Trump dice que quiere entrar al cielo. Debería estar preocupado

Por Maureen Dowd

The New York Times

Columnista en Opinión, reportando desde Washington

Levanté la mano. La monja me hizo caso.

Ella había estado hablando sobre la despiadada época de la esclavitud en mi salón de primaria en la escuela de la Natividad, a estudiantes de 7 años con uniformes verdes.

Pensé que yo tenía un argumento contraintuitivo importante que señalar al salón, aunque pasaría otra década antes de que supiera lo que significaba “contraintuitivo”.

“Una cosa”, dije, “es que hemos tenido a toda esta gente estupenda en nuestro país”.

Aunque Washington siempre ha estado muy segregado, mi familia vivía en un barrio integrado y mis dos mejores amigas eran Deborah y Peaches, unas hermanas negras.
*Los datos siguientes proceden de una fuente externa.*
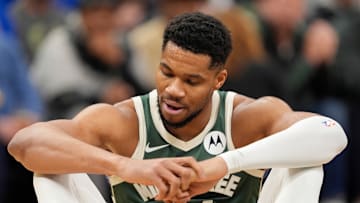 Detroit Pistons v Milwaukee Bucks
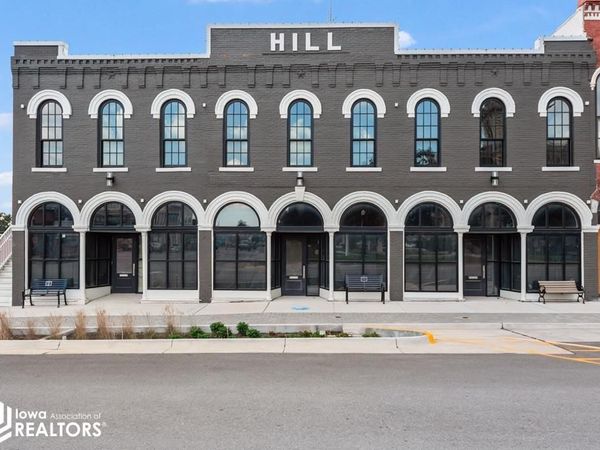 112 113 144 S Madison Street, Bloomfield, IA 52537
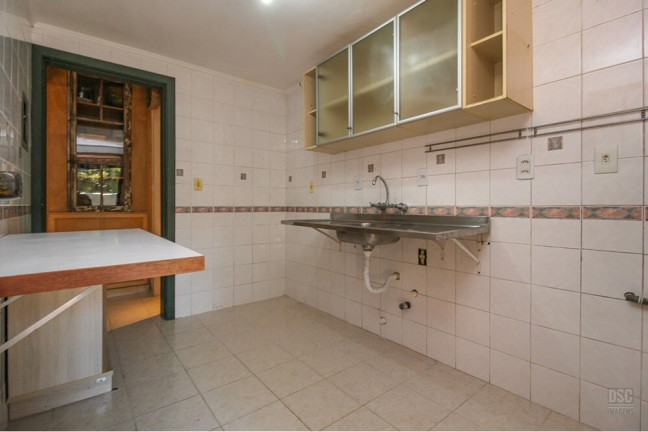 Imagem Casa com 2 Quartos à Venda, 95 m² em Cavalhada - Porto Alegre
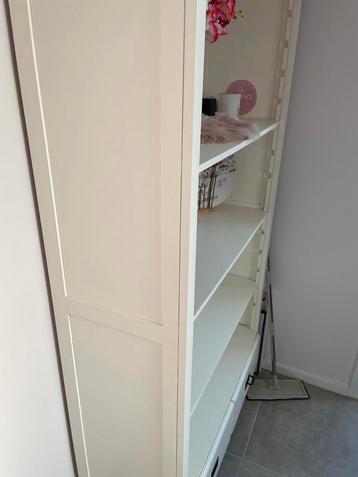 Kast beschikbaar voor biedingen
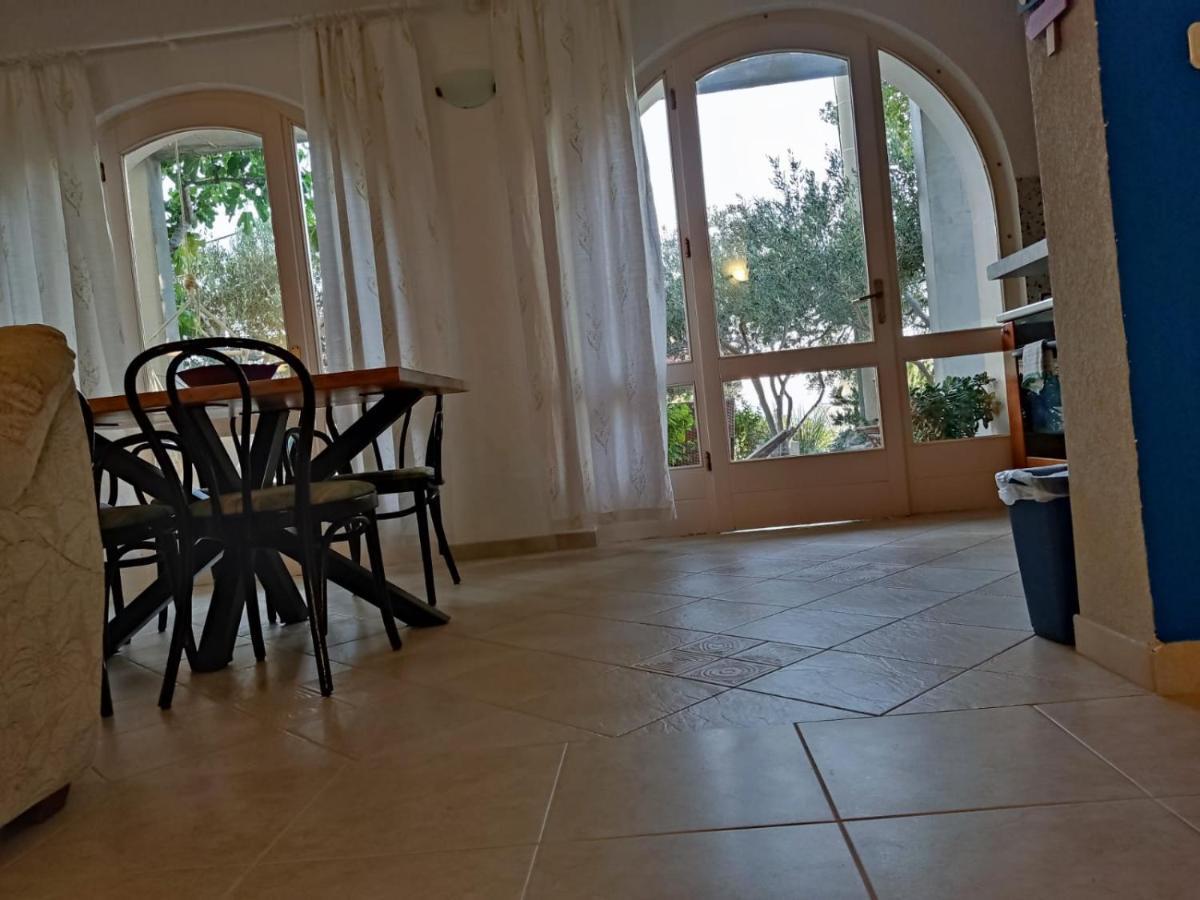 Holiday Home With Free Parking By The Beach Брела Экстерьер фото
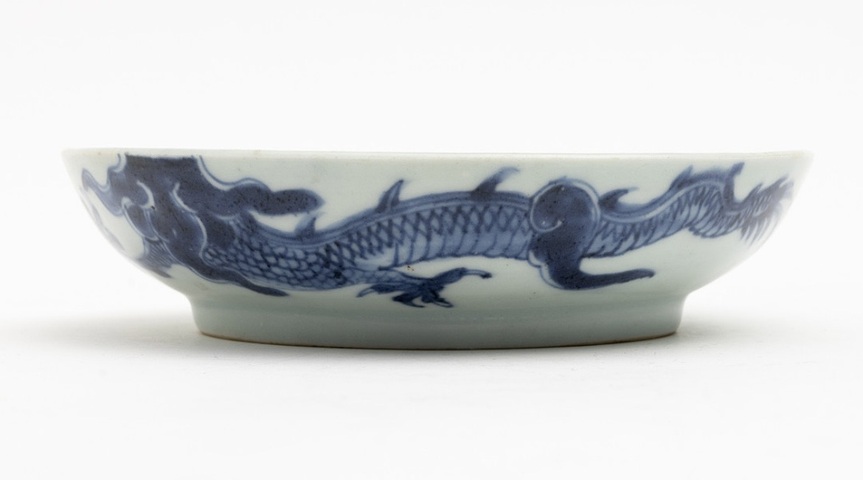 古玩陶瓷青花過墻龍紋盤真品鑒賞圖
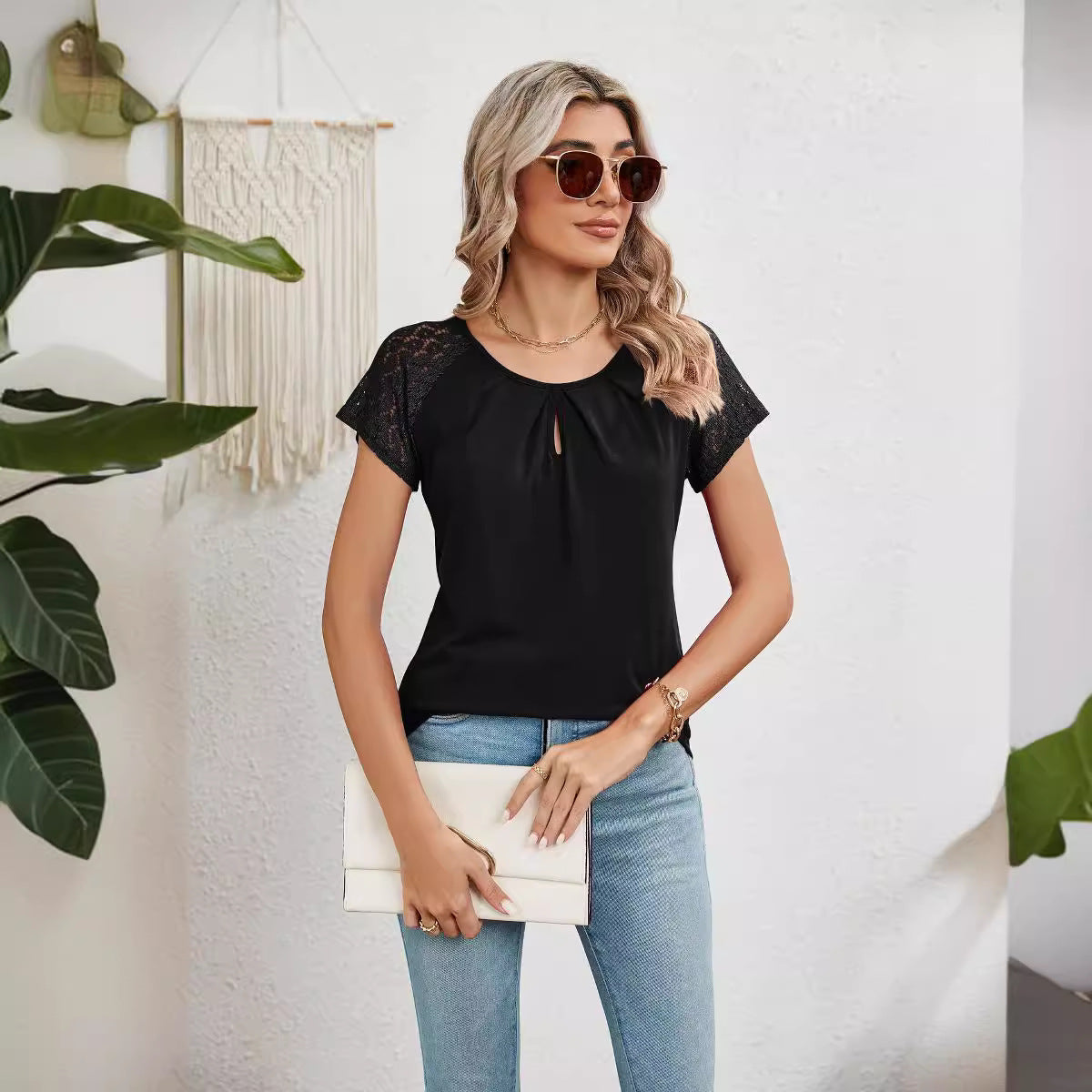 Women's Solid Color Round Neck Lace Patchwork Blouses
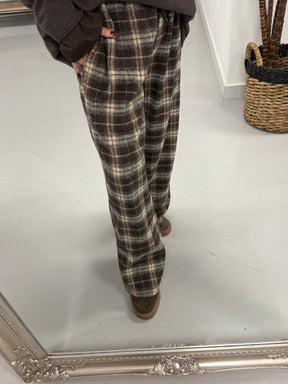 The Lachlan Straight Leg Check Trouser - Chocolate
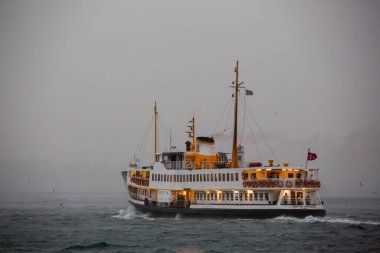 Bulutlu bir günde yolcu feribotu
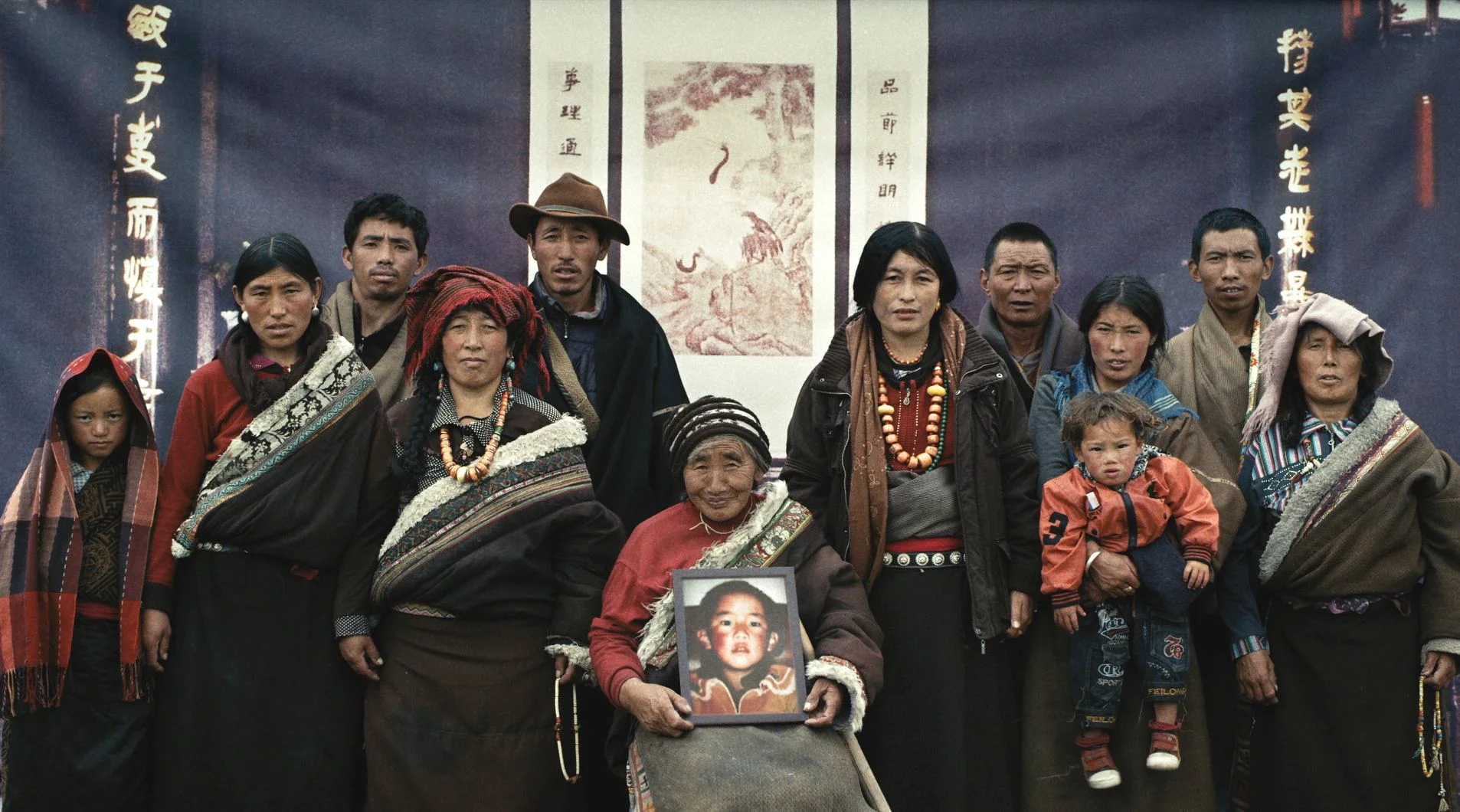 Butter Lamp Hu Wei | 2013 | Drama | 15’ | Tibet, Frankreich | Tibetan with English Subtitles A young photographer and his assistant decide to take photos of Tibetan nomads and have prepared various background motifs for them. Traditionally dressed families appear in front of the “Disneyland”, the “Olympia Stadium” or the “Potala Palace”. It is not only the resulting family shots, but above all conversations during the shots that provide an insight into their lives. “Butter Lamp” was nominated for an Oscar for Best Short Film in 2014. The director Hu Wei, born 1983 in Beijing, studied at the Parisian film school La Femis.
Estaba a punto de hablarle a la monja de ellas cuando dobló el dedo y me hizo señas para que pasara al frente del aula.

Cuando llegué allí, me llevó bruscamente sobre su regazo, me subió el mandil y me dio varias nalgadas con fuerza. Los demás alumnos se quedaron boquiabiertos.

Entendí el mensaje: la esclavitud no tenía ningún lado bueno. No hay nada positivo que decir. Nunca. En ninguna circunstancia.

Ojalá esa monja siguiera por aquí para dejarle claro eso al presidente.

Donald Trump es lo que las monjas llamaban “una ficha osada y descarada”, que transgrede de forma nefasta y perjudicial. La semana pasada dijo que le preocupa entrar al cielo. Debería estarlo. Las sensatas hermanas franciscanas de la Natividad le habrían advertido que se preocupara. Ha inventado nuevos mandamientos, además de los 10 usuales, solo para incumplirlos.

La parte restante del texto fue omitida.